### Example notebook for remote Dask execution on Zeus

#### Prerequisite: prepare the environment 

1. Connect to the Zeus VPN using the VPN client, e.g. TunnelBlick

2. Add your local public key in the .ssh/authorized_keys on your Zeus account

3. Copy the zeus_util.py script in the same directory of this notebook. The module requires *IPython*, *ipywidgets*, *Dask* and *Dask.distributed* Python libraries, as well as Xarray and Cartopy for the map. If not already available, these can installed with one of the following commands:

`pip3 install IPython ipywidgets dask==2.12.0 distributed==2.12.0 xarray==0.15.0 cartopy`

`conda install -c conda-forge IPython ipywidgets dask==2.12.0 distributed==2.12.0 xarray==0.15.0 cartopy`

Alternatively create the full conda environment starting from the requirements listed in *env_ds.yml* by running the following commands:

`conda env create -f env_ds.yml`

`source activate data-science-cmcc-v1-local`

Import Python utilities and setup Zeus username (replace YOURUSERNAME with your account)

In [3]:
import os, sys
sys.path.append("../")
import zeus
zeus.init(user="tl28319")

ssh_askpass: exec(/usr/X11R6/bin/ssh-askpass): No such file or directory
Permission denied, please try again.
ssh_askpass: exec(/usr/X11R6/bin/ssh-askpass): No such file or directory
Permission denied, please try again.
ssh_askpass: exec(/usr/X11R6/bin/ssh-askpass): No such file or directory
tl28319@192.168.118.11: Permission denied (publickey,gssapi-keyex,gssapi-with-mic,password).

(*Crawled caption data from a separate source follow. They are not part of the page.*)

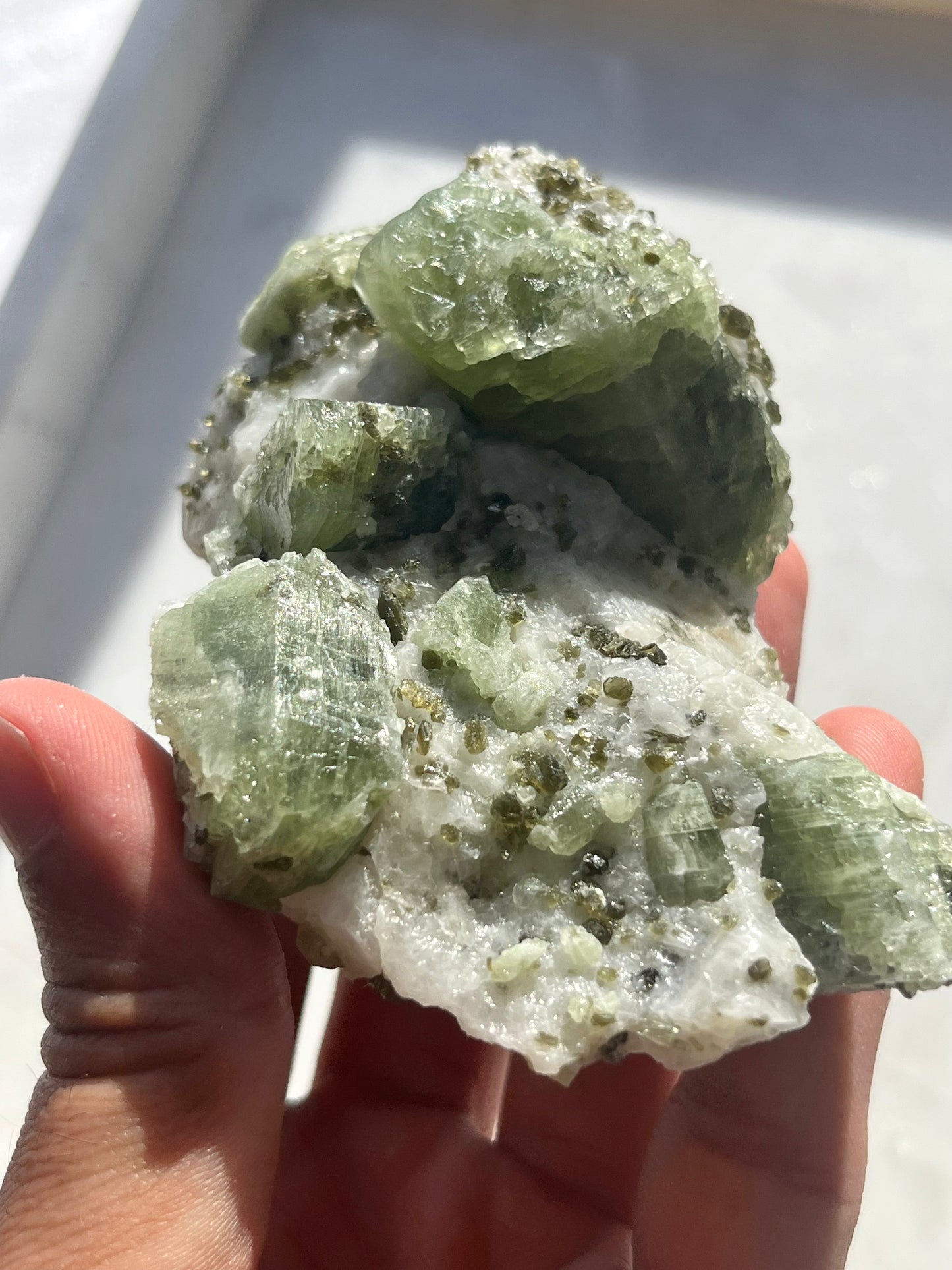 Diopside Specimen w/Muscovite on Marble Matrix #8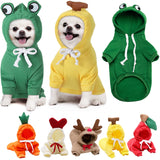 Fruit Print Dog Hoodie — Winter Warm Fleece Coat for Small Dogs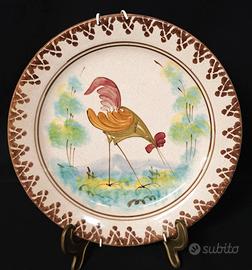 Antico piatto decorativo Grottaglie ? Gallina (2)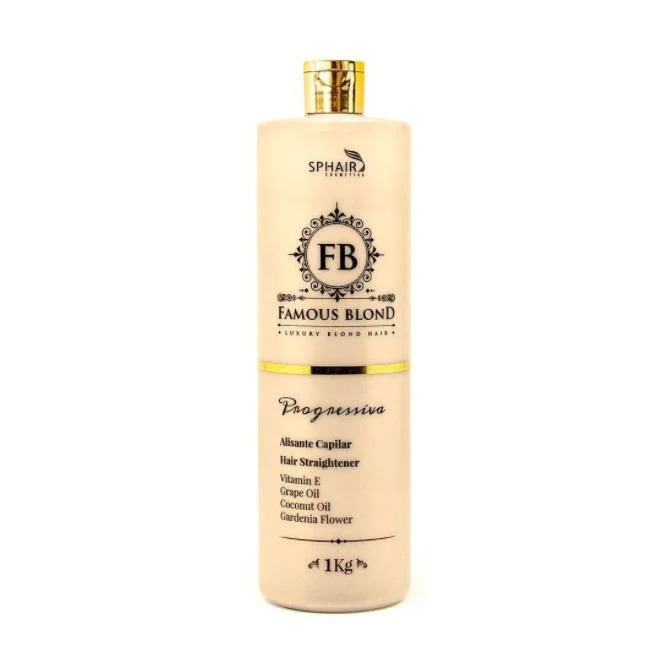 Famous Blond Progressive Brush Luxury Smoothing Straightener 1kg - Sphair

UnboundLocalError: local variable 'res' referenced before assignment

Check the function documentation

In [None]:
help(zeus.start_dask)

Start a new Dask cluster on Zeus with 1 worker nodes (*n_workers = 1*)

In [None]:
from distributed import Client, get_client
client = zeus.start_dask(name="Test",
              project="R000",
              cores=36,
              processes=12,
              memory="50 GB",
              interface="ib0",
              walltime="00:30", 
              job_extra=["-x"], 
              n_workers=1
             )

Check if it the cluster has been allocated on LSF (some time is required before LSF provides the resources; try to run the cell again after a few seconds). When available click on the **Dashboard** link to open the Dask monitoring interface.

In [None]:
client

Let's load the input dataset in parallel using Xarray and perform the average of *tasmax* over the time dimension. The dataset concerns the *tasmax* variable and consists of 156 files (25GB), spanning the whole historical period from 1850 to 2005.

In [None]:
def mf_compute(n):
    import xarray as xr
    client = get_client()
    multi_file_dataset = xr.open_mfdataset(
        '/work/asc/ophidia/demo/cmip5/CMCC-CM/historical/day/tasmax/tasmax_day_CMCC-CM_historical_r1i1p1_*.nc',
        combine='by_coords', concat_dim="time", parallel=True
    )
    return multi_file_dataset

future = client.submit(mf_compute, 1)
multi_file_dataset = future.result()
mean = multi_file_dataset['tasmax'].mean(dim='time')
result = mean.compute()

Show the computation result

In [None]:
print(result)

Create a map of the average temperature computed using Cartopy.

In [None]:
%matplotlib inline
import cartopy.crs as ccrs
import matplotlib.pyplot as plt
from cartopy.mpl.geoaxes import GeoAxes
from cartopy.util import add_cyclic_point
import numpy as np
import warnings
warnings.filterwarnings("ignore")

lat = result['lat'].values
lon = result['lon'].values
var = result.values

fig = plt.figure(figsize=(15, 6), dpi=100)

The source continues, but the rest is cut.